When asked about teaching as a profession, Baxtresser replies “Beginning flute teachers create the artists of tomorrow, and they do a remarkable job. I began lessons with Mary Roberts Wilson when I was about 10 or 11 years old. She was an incredible teacher who used a loving and firm hand. She made it clear that flute study was serious business and she had expectations for me to fulfill. For the first time in my life I was treated as an adult, and I wanted to please her with well-prepared lessons. She had strong concepts about tone exercises and intonation and introduced these in the first lesson. For example, sharp C#s were unacceptable; my old etude books are so full of little downward arrows above these pitches that it might seem that a crazy person practiced them. She was tremendously enthusiastic, gave encouragement to students, and stressed the importance of learning new ideas and sounds by listening to other flutists. Whenever famous flutists toured through the Minneapolis area, she urged us to go hear them. Through recordings she introduced me to Julius Baker, which was an important element in my development.”

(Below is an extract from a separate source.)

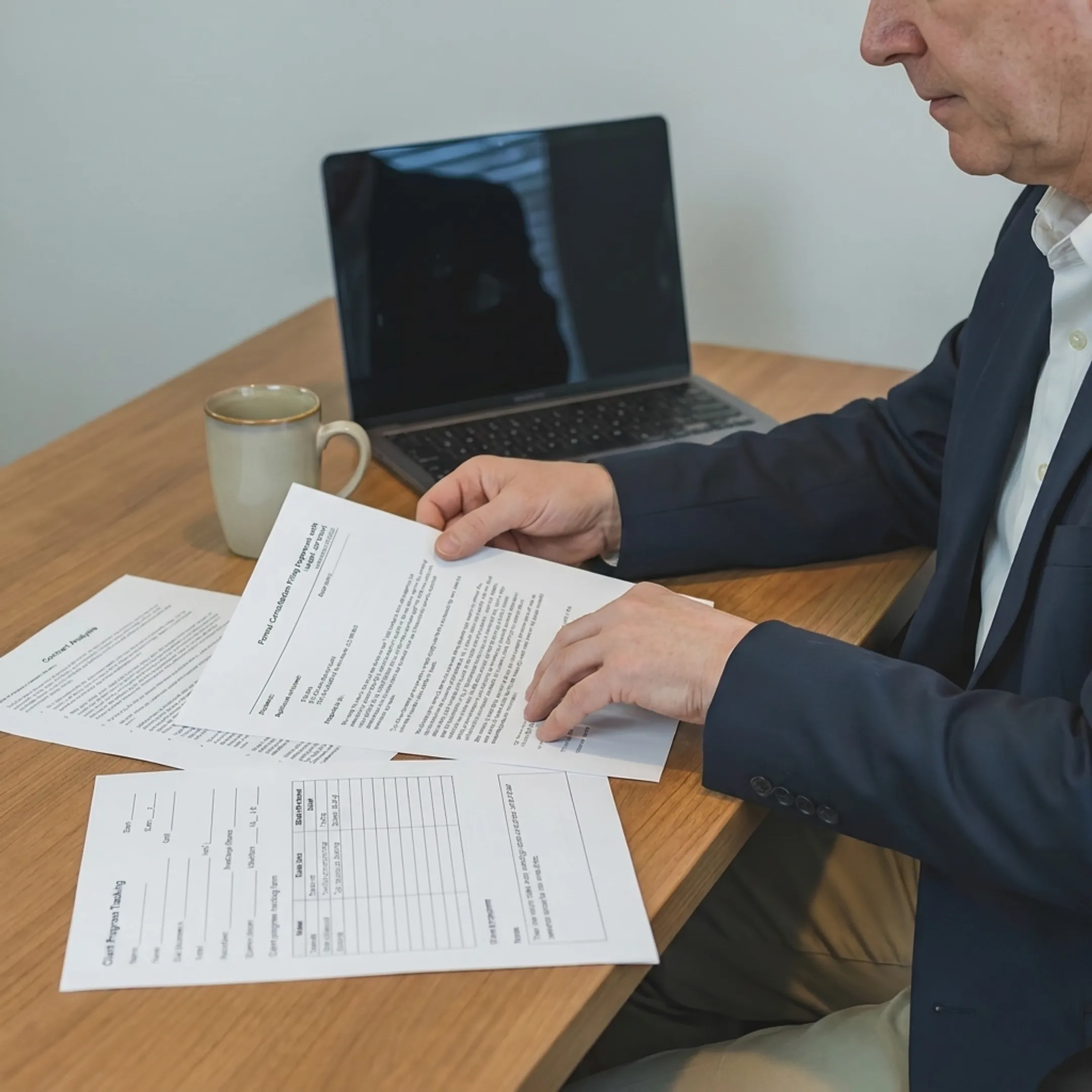 Case manager organizing timeshare cancellation documents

After performing Mozart’s Concerto in D Major with the Minneapolis Symphony at age 14, Baxtresser studied with Baker at Juilliard. “When students are in front of a master teacher and renowned performer, they feel a certain amount of awe. They hang on every word and watch for every change of expression. I was certainly like that with Julius Baker. Most of his students developed their playing by watching and listening him play during lessons. I watched carefully to find any performance techniques that might be visible, and today I see students watching me the same way when I play during lessons. Motivated students watch, analyze, and attempt to discern ways to produce a good tone. Julius is a dedicated musician who never takes his flute playing for granted, and that sets a great example for his students. He always practiced diligently, and was prepared, but he was completely intolerant of bad rhythm or intonation. he never tried to control our practice habits but held students responsible for progress. His students realized that if they didn’t work, they were communicating a lack of professional motivation. I am so grateful for his wonderful guidance.”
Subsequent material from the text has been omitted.